Makes 3 large loaves (freezes well)
2 ½ cups hot water
2 tsp salt
½ cup vegetable or olive oil
1/8 tsp saffron (optional, but it gives nice color and flavor)
½ cup sugar or honey
½ cup warm water
6 tsp instant yeast
5 eggs, beaten at room temp
10 cups bread flour
1 egg beaten with a little water for brushing loaves
- In a very large bowl, mix together 2 ½ cups hot water, salt, sugar, oil, and saffron. Let stand until cool to the touch.
- Dissolve yeast in ½ cup warm water and add a pinch of flour. Set aside for 5 minutes.
- When the water mixture is cooled, add yeast, eggs, and 5 cups flour, 1 cup at a time.
- Add the remaining flour gradually until the dough can be lifted out onto a floured surface. Knead for about 10 minutes, until the dough is smooth and elastic. It may be easier to divide the dough in half for kneading.
- Place the dough in a lightly oiled bowl and roll it around to cover with oil. Cover the bowl with a dishtowel, and place in a warm spot to rise until doubled, about 1 hour.

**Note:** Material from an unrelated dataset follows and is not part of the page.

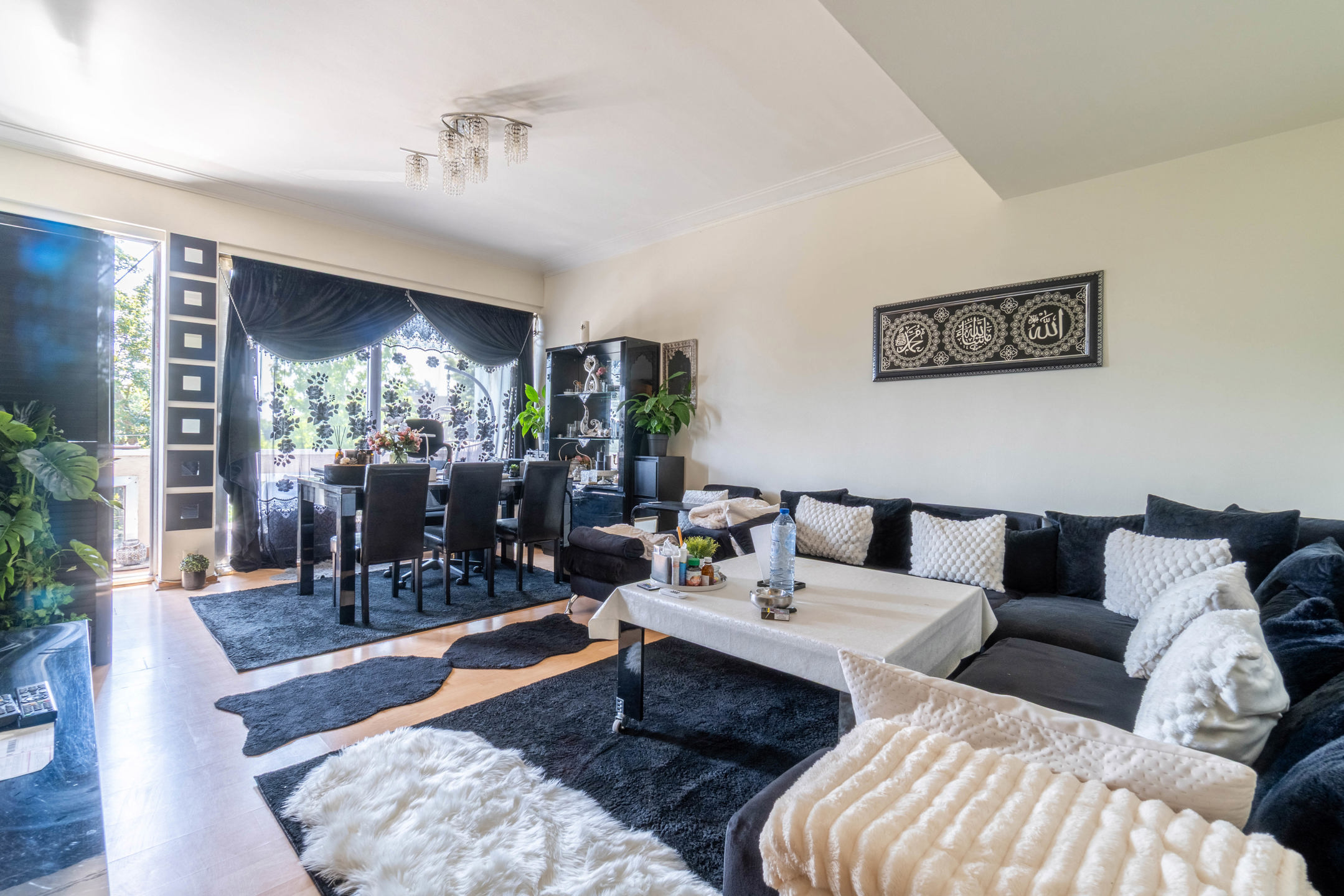 Appartement - à vendre - 1180 Uccle - #7179094-1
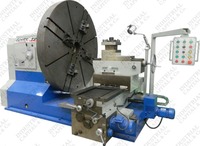 Torno Platô Clark TP2000 Torno Platô Clark TP2000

- Fold the dough on itself several times to punch down. Cover again and let rise until doubled, between 45 minutes and 1 hour.
- Tip the dough out onto a well-floured surface. Divide into 9 balls, 3 for each loaf (if you want smaller loaves, make smaller balls and increase the number by multiples of 3 for each loaf). Roll each ball into ropes of equal length (between 12 and 15 inches). Pinch the ends of 3 ropes together and braid the strands together, pinching the ends together again and transferring the braid to a greased cookie sheet. Repeat for the next two loaves. Cover and let rise until pillowy, between 30-45 minutes.
- Preheat oven to 350⁰. Brush the loaves with egg wash, getting all the way to the bottom and in the cracks. Bake loaves for 20-30 minutes, or until golden brown. Check the bottoms as the loaves get close to done so that it doesn’t get overly brown.
- *This recipe makes a lot of bread, but don’t let that scare you off. The loaves freeze well wrapped in foil, make wonderful French toast, and few people will turn down a gift of homemade bread!